Divergence Detection Engine

divergence.rs runs the same prompt through N model configurations simultaneously and computes a per-position Jensen-Shannon divergence score showing exactly where and how much models disagree.

Concepts

Term Description
ModelConfig One model configuration: provider, model name, temperature, top_p
TokenStream Sequence of tokens + per-position probability distributions from one model
DivergencePoint A position where JS score exceeds the threshold; records each model's token
DivergenceResult Complete run: all streams, all divergence points, aggregate statistics
DivergenceDetector Orchestrates analysis; threshold configurable

Jensen-Shannon divergence

At each token position t, the detector collects a probability distribution P_i(t) from each model (from the logprobs API). It then computes:

JSD(P₁, …, Pₙ) = (1/n) Σᵢ KL(Pᵢ || M)    where M = (1/n) Σᵢ Pᵢ

normalised by log(n) to give a score in [0, 1].

Score Meaning
0.0 All models produce the same token with the same probability
~0.25 Mild preference difference
~0.5 Substantial disagreement
1.0 Models produce completely different tokens

Usage

use every_other_token::divergence::{DivergenceDetector, ModelConfig};
use std::collections::HashMap;

let configs = vec![
    ModelConfig::new("openai", "gpt-4o", 0.0, 1.0),
    ModelConfig::new("openai", "gpt-4o", 1.0, 1.0),
    ModelConfig::new("anthropic", "claude-sonnet-4-6", 0.7, 1.0),
];

let detector = DivergenceDetector::new(configs).with_threshold(0.1);

// After collecting token streams from provider APIs:
let result = detector.analyse("Why is the sky blue?", streams);

println!("{}", result.render_report());
println!("Mean JS: {:.4}", result.mean_divergence());
println!("High-divergence positions: {:?}", result.high_divergence_positions(0.5));

Coloured diff report

DivergenceResult::render_report() produces a multi-line ANSI report:

  • Green background: models agree (JS < 0.25).
  • Yellow background: moderate divergence (JS ∈ (0.25, 0.5]).
  • Red background: high divergence (JS > 0.5).
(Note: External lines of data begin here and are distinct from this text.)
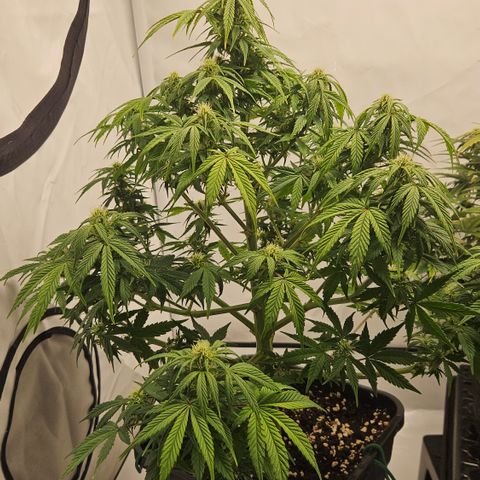 Orange Diesel 1 growlog timeline photo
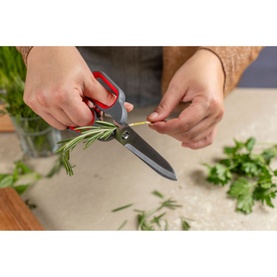 Universal Kitchen Shears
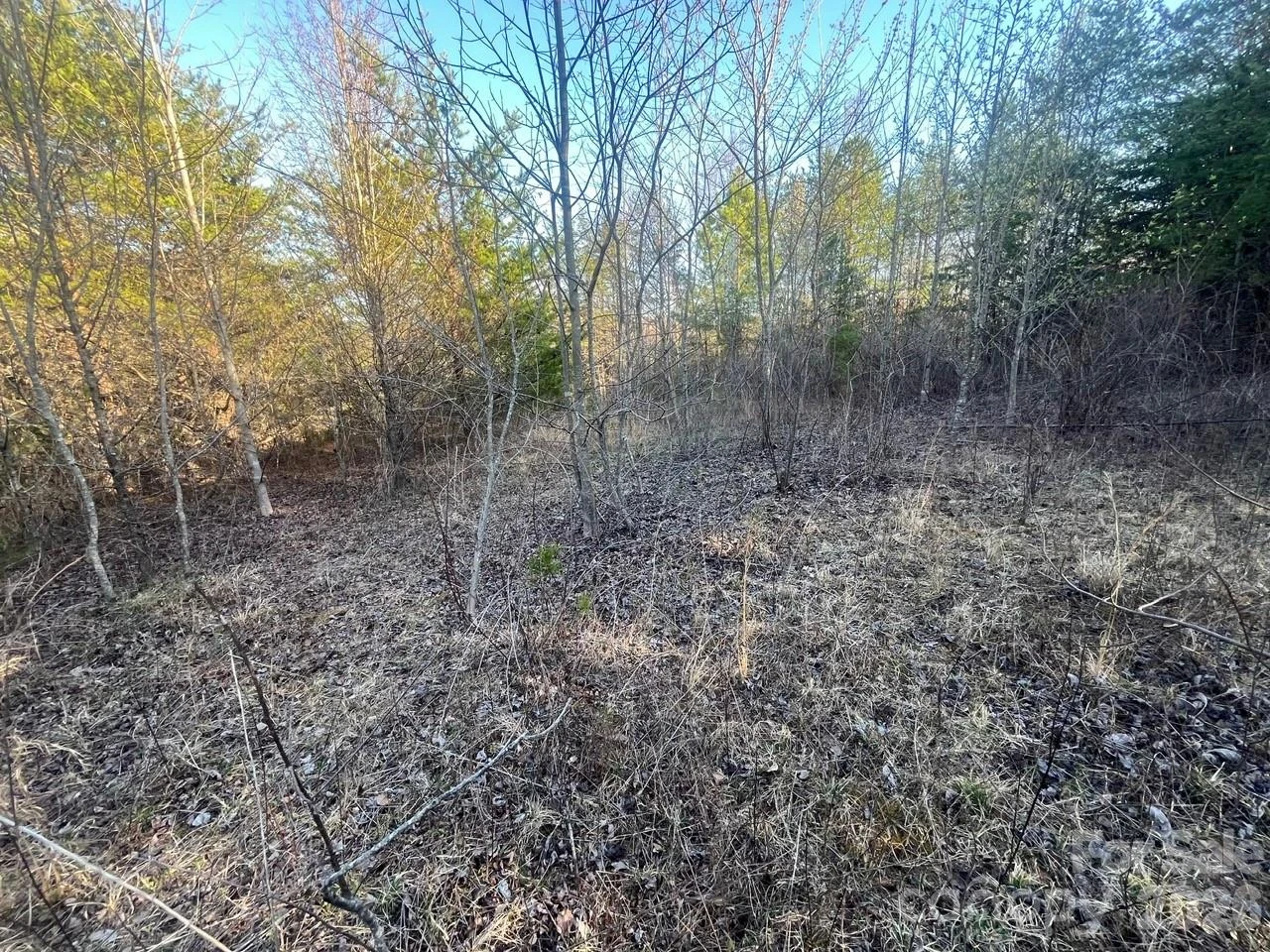 TBD Southern Way - Photo 12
Each model's full token stream is printed with its disagreement positions highlighted.


Token Intervention Mode

intervention.rs enables causal interventions: pausing generation at any token, injecting a correction, continuing generation from the injected token, and measuring the causal effect downstream.

Concepts

Term Description
Intervention A single (position, original_token, injected_token) triple
InterventionHistory Full record: original stream, all interventions, final counterfactual stream
TokenEditor ANSI terminal widget for cursor-based token editing
causal_effect() Normalised token-level edit distance between original and final streams
causal_influence_map() Per-position influence score: how much each position affects downstream tokens

Causal effect measurement

use every_other_token::intervention::{InterventionHistory, Intervention};

// Start with the original model output.
let original = vec!["The".into(), " cat".into(), " sat".into(), " on".into(), " the".into(), " mat".into()];
let mut history = InterventionHistory::new(original);

// Inject " dog" at position 1.
let intervention = Intervention::new(1, " cat", " dog");
// (continue generation from this point, get the counterfactual)
let counterfactual = vec!["The".into(), " dog".into(), " ran".into(), " through".into(), " the".into(), " park".into()];
history.apply(intervention, counterfactual);

println!("Causal effect: {:.3}", history.causal_effect()); // fraction of tokens that changed

TUI token editor

TokenEditor provides cursor navigation and token-level editing in any VT100 terminal:

use every_other_token::intervention::TokenEditor;

let tokens = vec!["The".into(), " sky".into(), " is".into(), " blue".into()];
let mut editor = TokenEditor::new(tokens);

editor.cursor_right();      // move to " sky"
editor.enter_edit_mode();   // start editing
editor.edit_buffer = " ocean".into();
let edit = editor.commit_edit(); // Some((1, " sky", " ocean"))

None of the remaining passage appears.